Last Saturday Richard and I went to the Shanghai Urban Planning Museum. It’s in a five storey building devoted to, well, planning. It seems a strange thing to go and see, but Shanghai is home to over 24 million people and this being China everything is centrally planned. So the museums looks back at the history of Shanghai and some of the historical buildings that have been saved and goes onto to show the plans for the development of the city up to 2020.
In the entrance hall, on the floor, is a big satellite map of Shanghai. I got Richard to stand where our apartment block is. We live just outside the main centre of Shanghai, between the inner ring road and the middle ring road. As you can see it’s huge. The metro line from the eastern International Pudong airport (about where the little girl is kneeling) to the internal airport of Hongqiao more or less by Richard’s right foot is 63km long.

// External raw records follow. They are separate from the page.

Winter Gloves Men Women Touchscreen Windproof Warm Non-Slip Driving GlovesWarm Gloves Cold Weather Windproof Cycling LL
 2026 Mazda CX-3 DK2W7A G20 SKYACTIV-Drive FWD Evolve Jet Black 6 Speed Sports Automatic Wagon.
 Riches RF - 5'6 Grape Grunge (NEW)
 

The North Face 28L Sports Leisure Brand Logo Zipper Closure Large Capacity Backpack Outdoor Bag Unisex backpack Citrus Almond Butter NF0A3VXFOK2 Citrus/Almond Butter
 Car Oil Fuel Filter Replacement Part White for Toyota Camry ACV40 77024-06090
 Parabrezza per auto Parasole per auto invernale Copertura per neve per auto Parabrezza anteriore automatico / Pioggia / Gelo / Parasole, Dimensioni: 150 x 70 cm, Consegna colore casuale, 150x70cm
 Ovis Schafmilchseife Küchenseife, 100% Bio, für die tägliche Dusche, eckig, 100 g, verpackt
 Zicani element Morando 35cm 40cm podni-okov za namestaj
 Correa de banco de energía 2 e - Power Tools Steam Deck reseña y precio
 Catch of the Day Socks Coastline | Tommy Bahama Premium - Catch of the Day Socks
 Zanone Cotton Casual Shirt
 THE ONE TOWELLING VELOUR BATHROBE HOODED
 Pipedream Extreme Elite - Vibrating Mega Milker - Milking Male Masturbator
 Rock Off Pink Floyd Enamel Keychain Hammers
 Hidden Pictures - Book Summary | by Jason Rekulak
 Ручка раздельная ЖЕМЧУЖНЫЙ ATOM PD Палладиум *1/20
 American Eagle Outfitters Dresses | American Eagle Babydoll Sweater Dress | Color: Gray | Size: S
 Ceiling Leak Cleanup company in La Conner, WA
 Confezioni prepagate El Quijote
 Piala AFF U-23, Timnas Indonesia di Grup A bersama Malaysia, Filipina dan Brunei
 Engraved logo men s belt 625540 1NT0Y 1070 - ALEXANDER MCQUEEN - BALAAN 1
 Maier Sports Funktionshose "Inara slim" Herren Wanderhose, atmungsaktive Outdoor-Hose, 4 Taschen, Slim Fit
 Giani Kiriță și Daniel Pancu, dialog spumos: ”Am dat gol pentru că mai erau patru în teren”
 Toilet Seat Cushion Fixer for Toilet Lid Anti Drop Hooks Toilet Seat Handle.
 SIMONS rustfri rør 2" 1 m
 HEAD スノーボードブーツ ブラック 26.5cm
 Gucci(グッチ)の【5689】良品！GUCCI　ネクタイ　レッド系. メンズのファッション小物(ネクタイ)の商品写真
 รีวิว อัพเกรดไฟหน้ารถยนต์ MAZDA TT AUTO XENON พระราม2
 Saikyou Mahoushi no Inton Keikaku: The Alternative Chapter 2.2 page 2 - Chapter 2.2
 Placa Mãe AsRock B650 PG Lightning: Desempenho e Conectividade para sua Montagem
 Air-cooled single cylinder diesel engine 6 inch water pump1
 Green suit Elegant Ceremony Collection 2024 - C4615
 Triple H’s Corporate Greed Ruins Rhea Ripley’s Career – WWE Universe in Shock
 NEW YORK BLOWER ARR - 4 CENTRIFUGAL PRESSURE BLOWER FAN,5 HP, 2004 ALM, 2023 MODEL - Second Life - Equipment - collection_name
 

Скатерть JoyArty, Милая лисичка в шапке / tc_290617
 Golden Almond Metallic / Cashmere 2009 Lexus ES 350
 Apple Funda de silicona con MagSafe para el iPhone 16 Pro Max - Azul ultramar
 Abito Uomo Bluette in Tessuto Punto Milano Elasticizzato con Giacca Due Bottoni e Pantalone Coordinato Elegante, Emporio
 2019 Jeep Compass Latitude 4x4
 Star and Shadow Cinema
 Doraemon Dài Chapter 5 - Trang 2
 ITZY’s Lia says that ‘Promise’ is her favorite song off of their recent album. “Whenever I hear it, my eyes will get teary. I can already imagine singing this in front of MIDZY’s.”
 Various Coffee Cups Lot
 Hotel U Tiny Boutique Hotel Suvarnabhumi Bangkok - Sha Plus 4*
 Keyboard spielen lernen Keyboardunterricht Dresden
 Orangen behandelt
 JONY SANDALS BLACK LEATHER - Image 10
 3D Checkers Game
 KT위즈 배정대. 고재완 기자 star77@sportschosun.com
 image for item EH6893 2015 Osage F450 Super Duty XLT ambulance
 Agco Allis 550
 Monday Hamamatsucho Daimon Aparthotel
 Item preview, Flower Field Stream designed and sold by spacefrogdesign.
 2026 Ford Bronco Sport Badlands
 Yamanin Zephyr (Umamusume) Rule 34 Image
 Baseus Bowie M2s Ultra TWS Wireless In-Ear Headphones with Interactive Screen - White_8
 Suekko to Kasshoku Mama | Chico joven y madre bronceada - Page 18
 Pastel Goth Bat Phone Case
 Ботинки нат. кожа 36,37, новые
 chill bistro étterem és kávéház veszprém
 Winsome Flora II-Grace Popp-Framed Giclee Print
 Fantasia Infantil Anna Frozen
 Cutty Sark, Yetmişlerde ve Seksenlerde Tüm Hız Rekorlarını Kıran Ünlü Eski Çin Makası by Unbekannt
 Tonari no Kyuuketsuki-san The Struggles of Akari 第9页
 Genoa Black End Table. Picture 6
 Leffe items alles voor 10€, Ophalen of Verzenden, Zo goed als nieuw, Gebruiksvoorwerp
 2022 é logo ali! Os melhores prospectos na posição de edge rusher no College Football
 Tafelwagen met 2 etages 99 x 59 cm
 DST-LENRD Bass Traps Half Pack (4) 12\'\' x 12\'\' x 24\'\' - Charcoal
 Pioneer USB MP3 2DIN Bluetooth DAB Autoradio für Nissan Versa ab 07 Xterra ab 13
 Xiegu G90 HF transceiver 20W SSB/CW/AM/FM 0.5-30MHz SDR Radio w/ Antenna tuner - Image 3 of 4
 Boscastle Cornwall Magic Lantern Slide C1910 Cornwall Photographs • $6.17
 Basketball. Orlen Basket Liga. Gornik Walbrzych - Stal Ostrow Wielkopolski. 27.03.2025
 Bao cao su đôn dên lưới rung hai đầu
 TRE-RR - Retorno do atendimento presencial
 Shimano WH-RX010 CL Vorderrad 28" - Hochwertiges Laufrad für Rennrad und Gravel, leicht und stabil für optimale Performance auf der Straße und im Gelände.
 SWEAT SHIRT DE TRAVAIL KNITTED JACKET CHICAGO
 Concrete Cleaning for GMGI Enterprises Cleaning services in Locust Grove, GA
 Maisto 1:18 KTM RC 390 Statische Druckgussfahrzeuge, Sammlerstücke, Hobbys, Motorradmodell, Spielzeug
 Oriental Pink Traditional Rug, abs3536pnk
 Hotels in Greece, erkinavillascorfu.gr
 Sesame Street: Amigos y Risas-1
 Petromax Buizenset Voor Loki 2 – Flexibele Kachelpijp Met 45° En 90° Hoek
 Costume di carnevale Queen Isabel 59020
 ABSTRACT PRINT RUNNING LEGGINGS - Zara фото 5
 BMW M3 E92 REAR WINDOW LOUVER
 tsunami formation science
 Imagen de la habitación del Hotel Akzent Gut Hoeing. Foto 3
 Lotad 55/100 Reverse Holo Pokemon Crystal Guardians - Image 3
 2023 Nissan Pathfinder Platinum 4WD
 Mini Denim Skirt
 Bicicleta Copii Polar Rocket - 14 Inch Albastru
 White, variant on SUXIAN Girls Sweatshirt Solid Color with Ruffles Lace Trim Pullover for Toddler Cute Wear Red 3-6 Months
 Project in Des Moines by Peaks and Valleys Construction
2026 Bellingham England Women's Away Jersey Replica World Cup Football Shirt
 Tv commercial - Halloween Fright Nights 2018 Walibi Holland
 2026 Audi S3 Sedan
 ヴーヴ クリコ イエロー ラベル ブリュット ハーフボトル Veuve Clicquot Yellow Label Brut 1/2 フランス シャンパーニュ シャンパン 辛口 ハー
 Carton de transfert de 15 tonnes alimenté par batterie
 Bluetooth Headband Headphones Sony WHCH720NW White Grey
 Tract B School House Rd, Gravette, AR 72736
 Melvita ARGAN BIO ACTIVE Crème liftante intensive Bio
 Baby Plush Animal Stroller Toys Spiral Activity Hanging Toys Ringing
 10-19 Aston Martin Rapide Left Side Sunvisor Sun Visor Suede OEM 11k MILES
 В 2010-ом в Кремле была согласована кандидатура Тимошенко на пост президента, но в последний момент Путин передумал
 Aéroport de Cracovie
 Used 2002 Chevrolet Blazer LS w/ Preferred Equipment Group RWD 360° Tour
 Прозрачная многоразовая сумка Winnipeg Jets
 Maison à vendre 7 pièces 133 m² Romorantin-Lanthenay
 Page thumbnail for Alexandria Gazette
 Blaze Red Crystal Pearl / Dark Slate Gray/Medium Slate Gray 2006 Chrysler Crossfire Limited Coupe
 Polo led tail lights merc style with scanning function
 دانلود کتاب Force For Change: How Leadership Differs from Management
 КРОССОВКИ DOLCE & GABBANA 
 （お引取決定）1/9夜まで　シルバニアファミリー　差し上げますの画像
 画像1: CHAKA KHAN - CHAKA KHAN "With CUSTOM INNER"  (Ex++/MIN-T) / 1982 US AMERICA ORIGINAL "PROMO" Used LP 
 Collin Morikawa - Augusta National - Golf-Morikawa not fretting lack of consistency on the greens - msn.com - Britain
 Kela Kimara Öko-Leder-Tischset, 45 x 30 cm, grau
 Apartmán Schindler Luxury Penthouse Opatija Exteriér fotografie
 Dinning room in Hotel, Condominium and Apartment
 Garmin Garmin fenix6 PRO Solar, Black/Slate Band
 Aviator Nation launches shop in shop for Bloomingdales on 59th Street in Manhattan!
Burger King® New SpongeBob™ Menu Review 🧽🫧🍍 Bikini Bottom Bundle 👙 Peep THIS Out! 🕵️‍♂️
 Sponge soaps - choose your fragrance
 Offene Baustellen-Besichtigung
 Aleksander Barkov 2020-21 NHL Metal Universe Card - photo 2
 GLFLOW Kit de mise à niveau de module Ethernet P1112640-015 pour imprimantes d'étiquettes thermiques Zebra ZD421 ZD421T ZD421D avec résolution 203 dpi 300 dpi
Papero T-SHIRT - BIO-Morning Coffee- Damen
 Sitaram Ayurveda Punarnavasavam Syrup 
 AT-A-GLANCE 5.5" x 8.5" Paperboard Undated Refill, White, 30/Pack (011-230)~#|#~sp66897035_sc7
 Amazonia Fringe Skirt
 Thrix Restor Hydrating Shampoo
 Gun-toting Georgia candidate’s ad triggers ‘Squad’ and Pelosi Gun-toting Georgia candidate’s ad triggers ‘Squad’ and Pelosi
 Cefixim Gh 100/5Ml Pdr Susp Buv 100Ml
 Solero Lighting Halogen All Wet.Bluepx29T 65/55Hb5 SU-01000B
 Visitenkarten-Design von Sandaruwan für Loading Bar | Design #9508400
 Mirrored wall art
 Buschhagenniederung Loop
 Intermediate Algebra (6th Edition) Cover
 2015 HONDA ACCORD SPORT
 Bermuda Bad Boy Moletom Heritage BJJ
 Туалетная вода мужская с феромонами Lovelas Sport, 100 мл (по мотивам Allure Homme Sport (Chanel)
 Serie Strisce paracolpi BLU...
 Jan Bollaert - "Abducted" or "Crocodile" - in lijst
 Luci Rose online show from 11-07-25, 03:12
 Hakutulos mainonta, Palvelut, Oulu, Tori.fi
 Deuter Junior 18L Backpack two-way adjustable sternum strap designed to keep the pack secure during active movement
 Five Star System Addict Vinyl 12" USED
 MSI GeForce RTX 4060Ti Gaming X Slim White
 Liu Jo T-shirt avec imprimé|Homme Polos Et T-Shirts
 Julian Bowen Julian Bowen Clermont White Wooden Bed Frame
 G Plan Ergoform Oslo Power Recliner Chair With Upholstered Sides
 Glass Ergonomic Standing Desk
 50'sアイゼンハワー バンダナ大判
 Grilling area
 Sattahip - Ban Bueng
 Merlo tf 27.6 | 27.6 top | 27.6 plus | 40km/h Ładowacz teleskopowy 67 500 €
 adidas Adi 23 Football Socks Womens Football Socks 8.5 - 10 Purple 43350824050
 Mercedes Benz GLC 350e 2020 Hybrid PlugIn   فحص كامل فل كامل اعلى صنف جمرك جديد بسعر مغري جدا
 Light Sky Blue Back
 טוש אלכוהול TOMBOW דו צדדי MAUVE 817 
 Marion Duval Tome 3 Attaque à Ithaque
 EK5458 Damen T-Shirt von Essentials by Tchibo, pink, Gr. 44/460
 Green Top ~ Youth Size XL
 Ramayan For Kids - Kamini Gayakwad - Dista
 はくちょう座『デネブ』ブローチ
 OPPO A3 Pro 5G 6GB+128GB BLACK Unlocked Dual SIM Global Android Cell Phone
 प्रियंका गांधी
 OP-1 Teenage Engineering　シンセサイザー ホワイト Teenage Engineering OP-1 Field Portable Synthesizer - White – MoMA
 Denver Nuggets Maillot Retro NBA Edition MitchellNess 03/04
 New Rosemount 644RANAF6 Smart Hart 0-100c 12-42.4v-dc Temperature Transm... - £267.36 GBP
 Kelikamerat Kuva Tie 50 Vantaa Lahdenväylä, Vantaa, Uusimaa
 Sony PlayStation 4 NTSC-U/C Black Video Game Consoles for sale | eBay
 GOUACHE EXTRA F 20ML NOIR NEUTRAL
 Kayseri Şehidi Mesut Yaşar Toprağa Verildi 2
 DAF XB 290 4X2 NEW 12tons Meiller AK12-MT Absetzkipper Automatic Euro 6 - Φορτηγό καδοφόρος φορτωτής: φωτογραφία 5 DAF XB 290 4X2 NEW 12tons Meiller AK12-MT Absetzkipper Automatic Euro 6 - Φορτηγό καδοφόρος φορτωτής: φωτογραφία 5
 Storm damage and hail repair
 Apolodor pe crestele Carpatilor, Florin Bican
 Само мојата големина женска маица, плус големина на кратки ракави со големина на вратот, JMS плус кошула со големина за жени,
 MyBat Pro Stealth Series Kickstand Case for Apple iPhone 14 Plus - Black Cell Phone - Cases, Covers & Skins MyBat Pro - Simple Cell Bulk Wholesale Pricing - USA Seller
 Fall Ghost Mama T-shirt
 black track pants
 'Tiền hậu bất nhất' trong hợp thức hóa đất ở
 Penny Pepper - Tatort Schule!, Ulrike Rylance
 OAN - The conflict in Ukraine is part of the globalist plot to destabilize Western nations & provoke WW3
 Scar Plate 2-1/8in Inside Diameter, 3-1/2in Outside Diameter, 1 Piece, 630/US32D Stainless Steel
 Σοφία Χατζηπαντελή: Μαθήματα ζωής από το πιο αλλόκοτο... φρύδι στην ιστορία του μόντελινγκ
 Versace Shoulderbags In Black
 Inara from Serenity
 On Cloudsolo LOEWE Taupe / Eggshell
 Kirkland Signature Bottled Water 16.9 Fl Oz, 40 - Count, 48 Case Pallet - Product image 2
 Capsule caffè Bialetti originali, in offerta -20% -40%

The next floor took a look at the history of Shanghai with a series of old photographs showing how things used to be.
The old photographs were fascinating and show a very different, very eastern life operating in Shanghai around 100 years ago. The modern Shanghai has not only moved with the times, it has also moved west and has lost much of its original distinctive architecture. The urban planners were originally in favour of knocking down all the old buildings, but as they have gone on they have come to realise that there is benefit in preserving and renovating (in some cases, unfortunately, over-renovating) patches of the old lontangs or alleyways, in places such as Tianzifang and Xintiandi and other heritage buildings.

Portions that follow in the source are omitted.